Fintech companies now provide core infrastructure for an estimated 70% of new financial products launched globally, according to a 2025 report by Andreessen Horowitz’s fintech research team. From payment processing APIs to banking-as-a-service platforms, the technical backbone of modern finance is increasingly built and maintained by fintech firms rather than traditional banks or legacy technology vendors. This shift has redefined what financial infrastructure means and who controls it.
What Financial Infrastructure Looks Like Today
Financial infrastructure was once synonymous with interbank settlement systems, card networks, and core banking platforms operated by a handful of large companies. Visa, Mastercard, SWIFT, FIS, and Fiserv dominated the space for decades. While these players remain significant, a new layer of infrastructure has emerged on top of them, built by fintech companies that specialize in making financial services programmable and accessible through APIs.

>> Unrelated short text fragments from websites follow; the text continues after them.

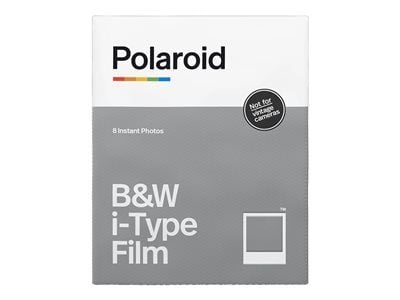 Polaroid i-Type B&W Film - Brilliant - hvit - 88 x 107 mm 8 ark fotopapir Polaroid i-Type B&W Film - Brilliant - hvit - 88 x 107 mm 8 ark fotopapir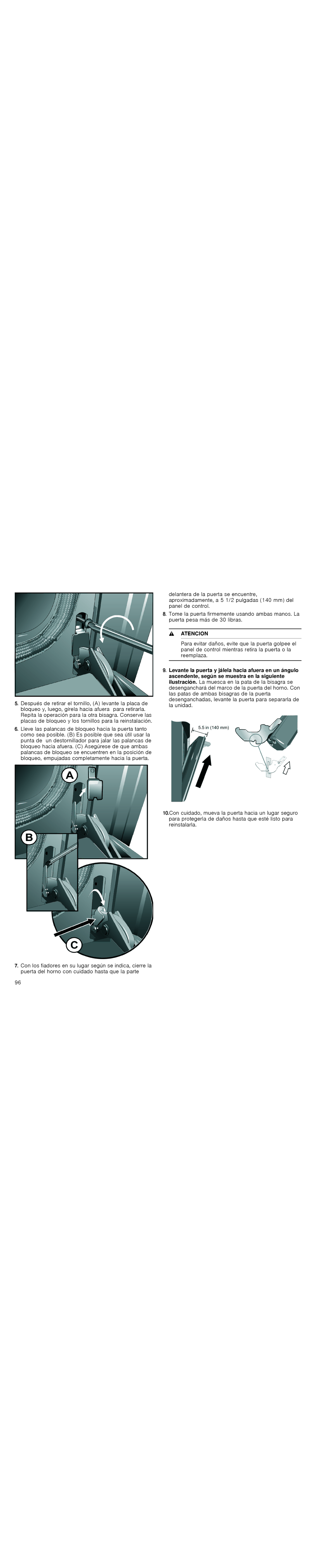 Thermador PODM301J, PODMW301J, POD301J, PODC302J manual Atencion 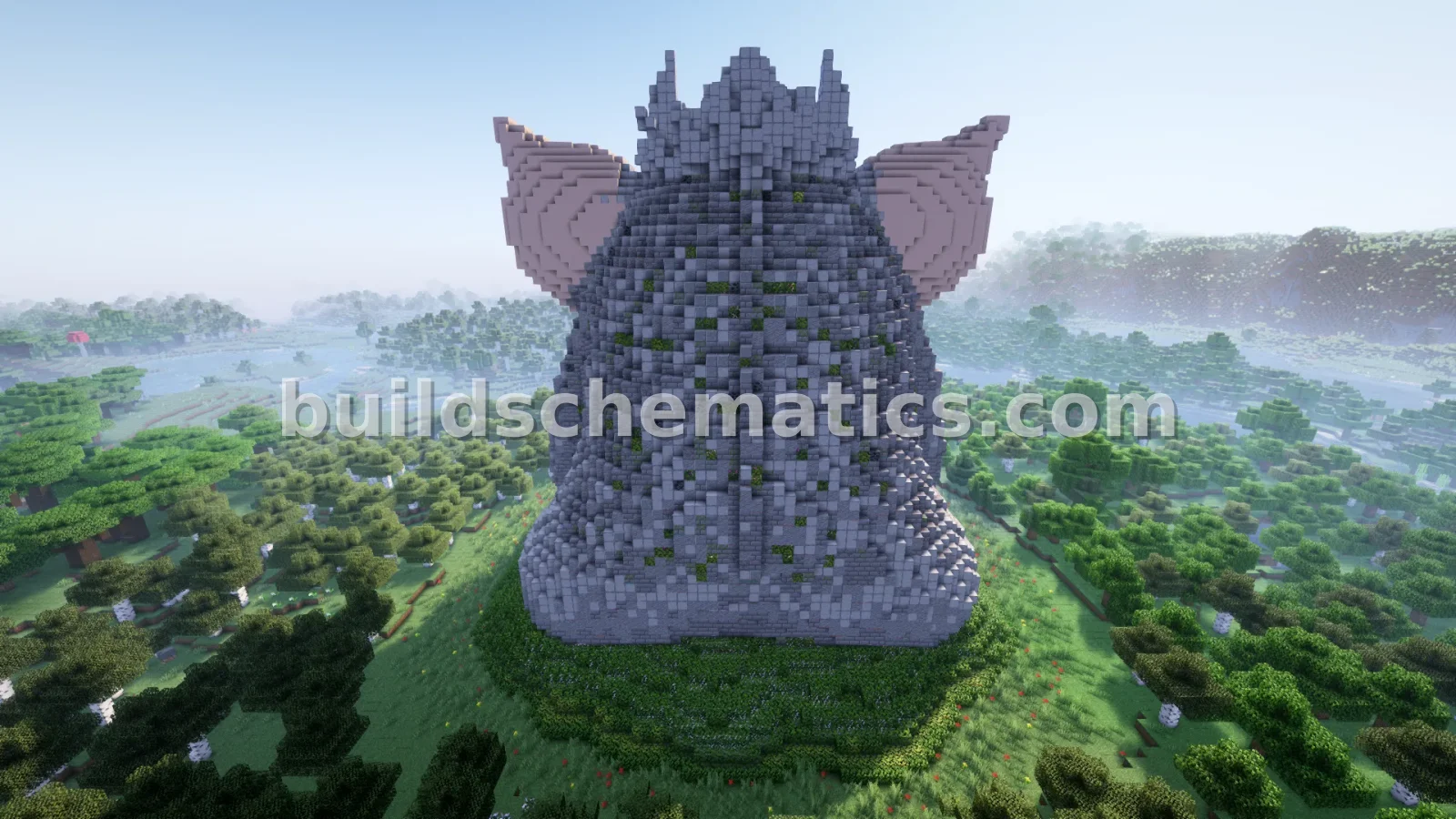 Pig Piglin Nether Portal Statue — view 4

Plaid connects more than 12,000 financial institutions to fintech applications, enabling everything from account verification to transaction data sharing. Marqeta provides card-issuing infrastructure used by Square, DoorDash, and Affirm. Galileo processes more than 150 million accounts for neobanks and fintech firms. Fintech infrastructure platforms represent a $150 billion opportunity, and investment in this layer has grown faster than in consumer-facing fintech.
According to a McKinsey analysis of banking infrastructure modernization, spending on fintech infrastructure grew at 28% annually between 2020 and 2025, compared with 6% growth in spending on legacy banking systems.
Banking-as-a-Service and the API Economy
Banking-as-a-service (BaaS) is one of the most significant infrastructure innovations of the past decade. BaaS platforms allow non-bank companies to offer financial services, including deposit accounts, debit cards, and lending, without obtaining their own banking licenses. The BaaS provider holds the license and manages compliance, while the non-bank company owns the customer relationship.
Companies like Synapse, Unit, Treasury Prime, and Column have built BaaS platforms that power financial features in applications from Apple to Uber. According to Statista’s data on BaaS market size, the global BaaS market reached $40 billion in 2025 and is projected to grow to $74 billion by 2030.
Financial APIs are powering the next generation of fintech platforms. The API model has made it possible for a two-person startup to offer banking services that would have required a 200-person team and a banking license just 10 years ago. This reduction in barriers to entry has been one of the primary drivers of the fintech boom.
Real-Time Payment Rails and Settlement Systems
Modern financial infrastructure also includes real-time payment systems that process transactions in seconds rather than days. India’s UPI, Brazil’s Pix, the UK’s Faster Payments, and the US Federal Reserve’s FedNow system all provide instant settlement capabilities. According to a 2025 Accenture report on real-time payments, global real-time payment transactions reached 266 billion in 2025, up from 118 billion in 2022.
Fintech companies are both users and builders of these systems. Wise has built its own multi-currency settlement network that reduces reliance on the traditional correspondent banking system. Ripple’s payment network uses blockchain-based settlement for cross-border transactions. Fintech is reshaping the $300 trillion global financial services industry, and infrastructure innovation is the mechanism through which much of that reshaping occurs.
Risks and Regulatory Considerations
The growing reliance on fintech infrastructure creates concentration risks. When Synapse, a major BaaS provider, experienced financial difficulties in 2024, it affected dozens of fintech companies and their customers. Regulators have responded by increasing oversight of fintech infrastructure providers. The OCC, FDIC, and Federal Reserve jointly issued guidance in 2025 on bank-fintech partnerships and third-party risk management.
According to a BCG assessment of fintech infrastructure risks, the top three risks identified by financial regulators are operational resilience, data security, and customer protection in multi-party service chains. Global fintech revenue is expected to grow at a 23% CAGR, but that growth depends on maintaining the trust and stability of the infrastructure layer.
The 70% figure from Andreessen Horowitz understates the long-term trend. As more financial products are built on programmable, API-driven infrastructure, the share of new financial services that rely on fintech infrastructure will approach 90% within the next five years.